Business reorganisation within a group usually leads to tax implications for the companies, including potential impact on their tax losses. Generally, a corporate entity that has incurred losses is permitted to carry forward and set off such losses in the subsequent years. However, Section 79 of the I-T Act restricts carry-forward and set-off of losses for a company whose beneficial shareholding changes by more than 49% from the last day of the year in which the loss was incurred.
Interpretation of the term ‘beneficial shareholding’ in the case of intra-group transfers for the purposes of Section 79 has been a subject matter of judicial debate for some time now, and the recent judgment in the matter involving Yum Restaurants (2016) has reignited the debate of legal ownership over beneficial ownership. Legal ownership refers to the registered ownership of an asset whereas beneficial ownership refers to the owner enjoying the economic benefits from such asset.

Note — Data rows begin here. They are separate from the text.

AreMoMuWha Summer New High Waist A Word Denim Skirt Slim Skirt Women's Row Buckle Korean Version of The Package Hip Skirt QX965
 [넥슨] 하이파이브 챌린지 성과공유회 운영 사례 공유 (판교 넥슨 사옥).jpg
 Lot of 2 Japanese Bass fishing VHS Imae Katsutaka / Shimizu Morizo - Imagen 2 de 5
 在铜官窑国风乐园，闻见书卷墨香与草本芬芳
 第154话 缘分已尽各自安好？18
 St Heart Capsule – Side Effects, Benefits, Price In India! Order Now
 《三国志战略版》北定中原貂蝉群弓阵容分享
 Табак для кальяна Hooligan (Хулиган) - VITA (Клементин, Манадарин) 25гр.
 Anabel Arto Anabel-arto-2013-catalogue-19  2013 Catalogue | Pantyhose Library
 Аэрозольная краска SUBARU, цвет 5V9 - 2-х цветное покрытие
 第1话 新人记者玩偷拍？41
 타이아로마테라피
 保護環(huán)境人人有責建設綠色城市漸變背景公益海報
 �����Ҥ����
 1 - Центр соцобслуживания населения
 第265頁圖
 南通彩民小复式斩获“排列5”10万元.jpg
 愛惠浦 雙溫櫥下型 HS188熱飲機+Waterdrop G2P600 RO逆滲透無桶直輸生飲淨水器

In the past, courts have tried to ascertain the meaning of the term ‘beneficially-held’ and have had divergent views in this regard. The general principle laid down by these judgments is that the term ‘beneficial owner’ should be construed to be the ‘legal’ or ‘registered’ owner of the shares.
The rationale of legal ownership being equivalent to beneficial ownership was laid down by apex court in the case of Howrah Trading Co Ltd (1968), holding that the beneficial owner of a share could only be the person who has the share certificate in his/her name.
Ever since, the courts have constantly opined that companies are separate legal entities, having the ability to take their own decisions, even if they are wholly-owned by other companies and, hence, if they hold investments, it can’t be said to be beneficially-held by the ultimate holding company.
However, in a recent judgment in the matter involving Amco Power Systems Ltd (2015), the Karnataka High Court ruled otherwise. The court considered ‘complete control’, even after change in shareholding, to be the prime basis for administering the provisions of Section 79. A similar rationale was laid down by the Delhi High Court in the matter inviolving Select Holiday Resorts Pvt. Ltd (2011), wherein it held that where a parent company is merged with its subsidiary, the benefit of losses claimed by the subsidiary company cannot be disallowed as there was no change in control of amalgamated company pre- and post-merger.
It also construed the amalgamation akin to the death of a shareholder and provided the benefit of carry-forward of losses to the taxpayer. Subsequently, the Supreme Court had dismissed the taxman’s special leave petition against the Delhi HC ruling.
In the case of Yum Restaurants, the court has upheld the traditional interpretation of the term ‘beneficial ownership’. It denied set-off and carry-forward of business losses under Section 79, owing to 100% change in shareholding of the taxpayer. It dismissed the taxpayer’s contention that despite change in shareholding, the ultimate holding company remained unchanged and hence Section 79 was not triggered.
Though the court, in the case of Yum Restaurants, has reaffirmed the interpretation of the section, this matter has not attained finality due to other contrary high court judgments. In our view, ‘beneficial ownership’ should be construed to be equivalent to ‘legal ownership’. Accordingly, if there is a change in the immediate shareholding of the company by more than 49%, it should lead to lapse of its losses.
However, if it is able to substantiate that its beneficial shareholding remains the same pre- and post-reorganisation, then an alternate view may be explored. Though this would need to be tested in light of the proposed General Anti Avoidance Rules.
Further, since Section 79 was introduced way back in 1961, there is a need for the government to reconsider the provisions in light of the recent developments and business dynamics. Proposals like exemptions for start-ups (which require regular fund infusion in the initial years) and group reorganisations (where ultimate beneficial ownership is not changing), which have been an outstanding demand of the industry, should be addressed to facilitate ease of doing business in India.